David Černý: Un oiseau. Un perroquet. C’est le seul animal que j’ai, un Gris d’Afrique qui parle merveilleusement bien. J’aimerais avoir un grand Ara.
B!B!: Si vous étiez un dieu?
David Černý: Pas d’idée, inutile… Vous croyez vous? Non!

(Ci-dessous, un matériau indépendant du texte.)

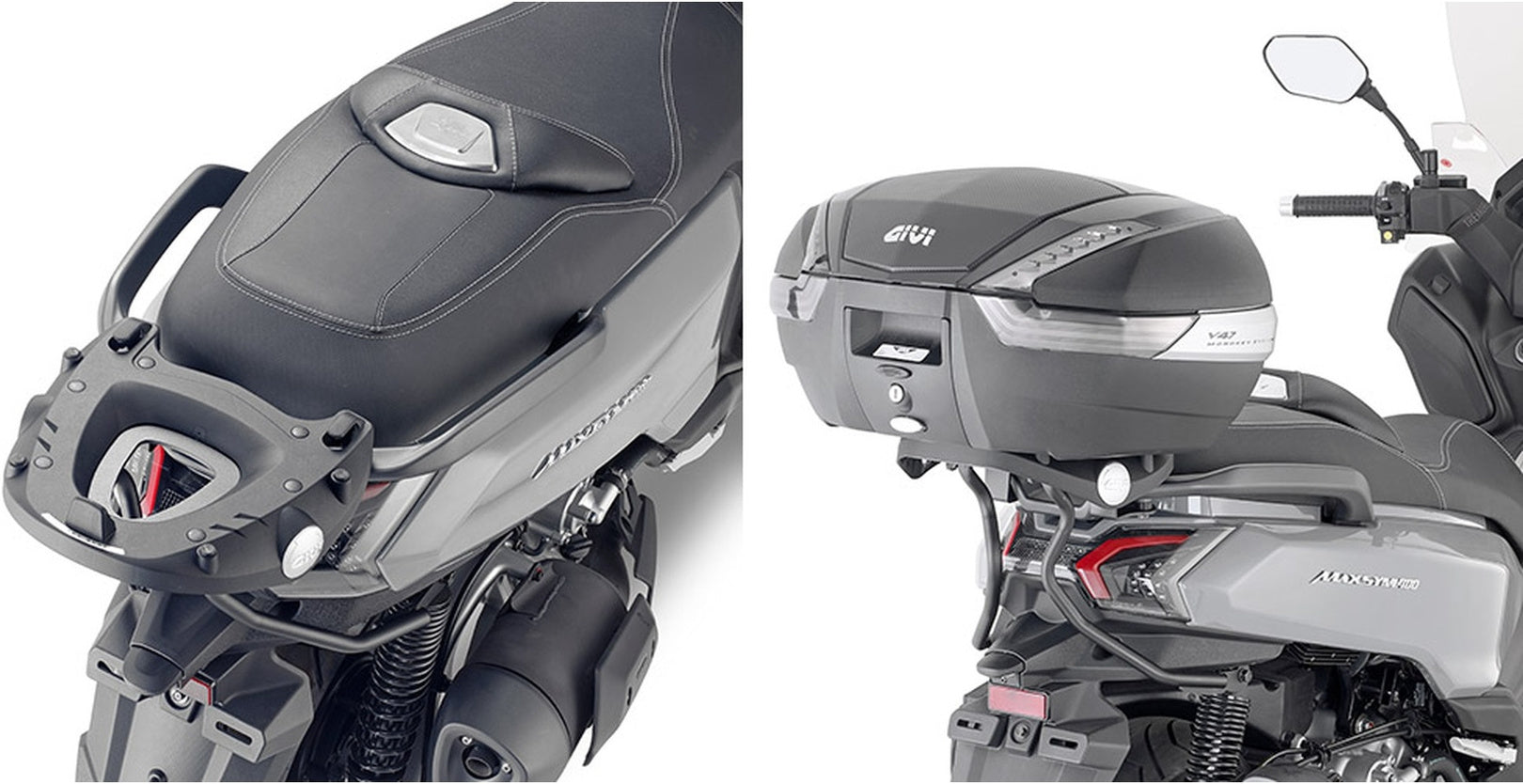 Monolock Alpina Black Aluminium Top Case - 44 Lt Alpina Aluminium - Givi Compatible With Sym Max Sym 400 (2021-2024)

Alors…
B!B!: Si vous étiez une plante?
David Černý: Un séquoia.
B!B!: Un mets?
David Černý: On va tous finir par être le repas de quelque chose sous terre, ça me semble suffisant!
B!B!: Une façon de mourir?
David Černý: Vite!
B!B!: Un pouvoir surnaturel?
David Černý: Être aussi rapide qu’un moteur d’avion.
B!B!: Un pays?
David Černý: Un petit coin de Californie.
B!B!: Si vous pouviez être une femme pendant 24 heures, qui serait-elle?
David Černý: Si je suis elle je ne peux pas être en elle, c’est un problème! Anita Ekberg dans la « Dolce Vita » de Federico Fellini et particulièrement dans la scène dans la fontaine de Trevi avec Marcello Mastroianni, ou alors Naomi Watts dans « Mulholland Drive » de David Lynch.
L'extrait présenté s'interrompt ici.